New Woolworths store in Nicolway by Simphiwe Mbokazi 453

Nompumelelo Magwaza

DESPITE a slowdown in the economy, consumers in the higher end of the market have shown a resilience that helped Woolworths post a strong revenue increase for the 52 weeks to June 29.

However, group chief executive Ian Moir cautioned that a further interest rate hike and African Bank’s woes could muddy the waters.

The group grew sales by an annual 14.4 percent on a 52-week basis to R39.7 billion with adjusted profit before tax up 20.1 percent to R4.4bn.

Headline earnings a share grew by 9 percent to R3.652, while earnings a share increased 10.5 percent to R3.673.

“Things are still going to be difficult for the credit-based retailers, as well as customers in the middle and low end of the market,” Moir said of the trading environment after African Bank’s bailout.

Reuben Beelders, a portfolio manager at Gryphon Asset Management, agreed that the upper end of the market was proving resilient. However, he was less optimistic about its future prospects.

He said the poor economic growth being experienced in South Africa would ultimately catch up with the upper end of the market in the form of reduced bonuses and profits, as strikes and lower activity levels affected corporate profits. A possible interest rate hike might also have an impact.

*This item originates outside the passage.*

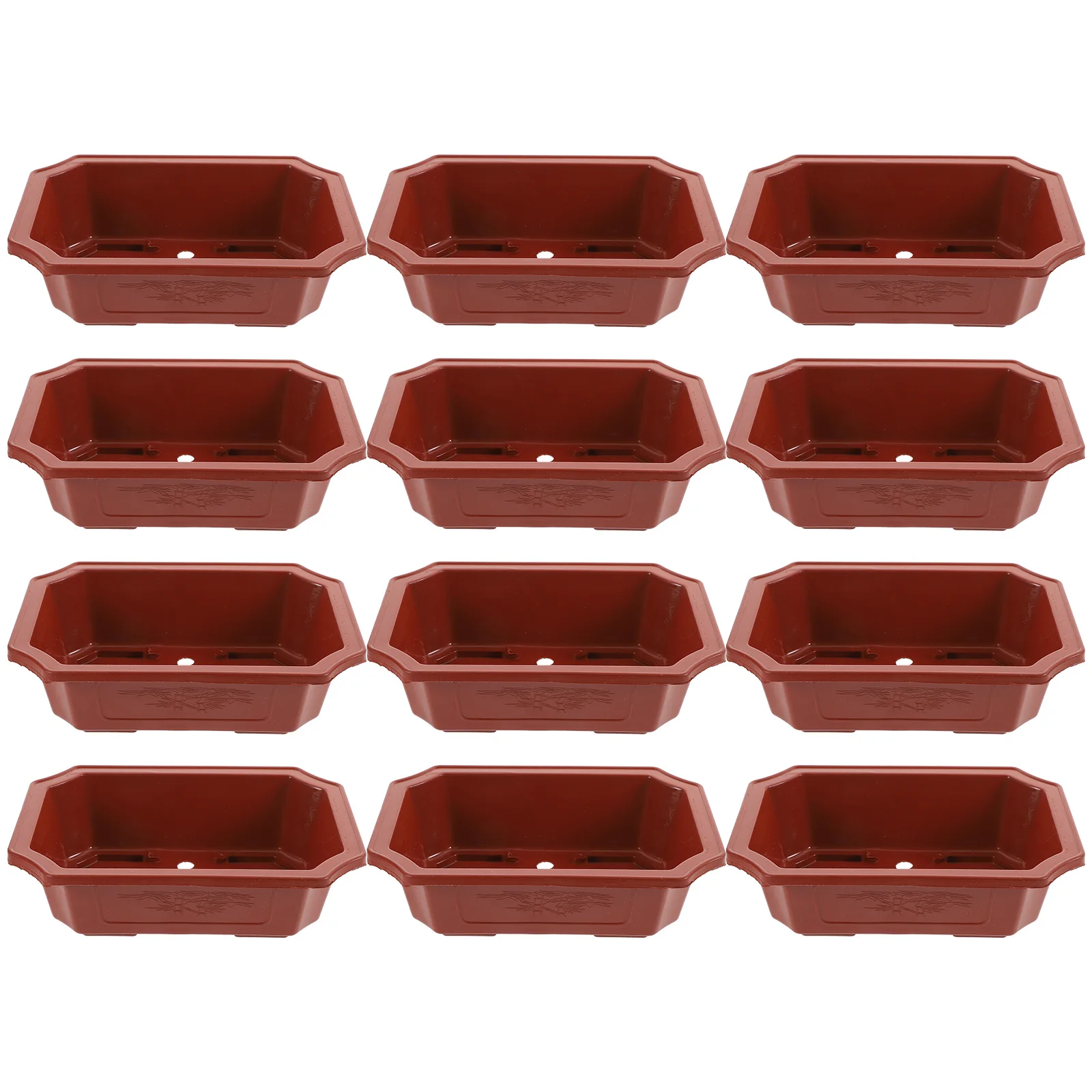 

12pcs Plastic Flower Pot Rectangular Coffee Color Small Planter for Balcony Garden Decor Drainage Holes Breathable Plant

“Over the past few years very different dynamics have impacted the lower versus upper end of the market. A few years ago, coming out of the financial crisis, upper end consumers were coping with high debt levels and a constrained economy while lower-end consumers were benefiting from the government’s roll-out of social grants,” he said.

Woolworths said it was ready to execute its strategy of being the largest fashion retailer in the southern hemisphere. The first point of call would be the strengthening of group sourcing, as well as taking its private label to David Jones stores in Australia.

Moir said one of the priorities for the new Australian business, David Jones, was to raise productivity. Woolworths would also introduce its rewards scheme to the market.

However, the biggest task at hand was to introduce its private labels to David Jones customers, which Moir described as similar to those in the South African market.

“We plan to take some of our successful brands such as JTOne and Studio W to the David Jones environment, which would be much more profitable and more successful than other brands David Jones has at the moment,” he said.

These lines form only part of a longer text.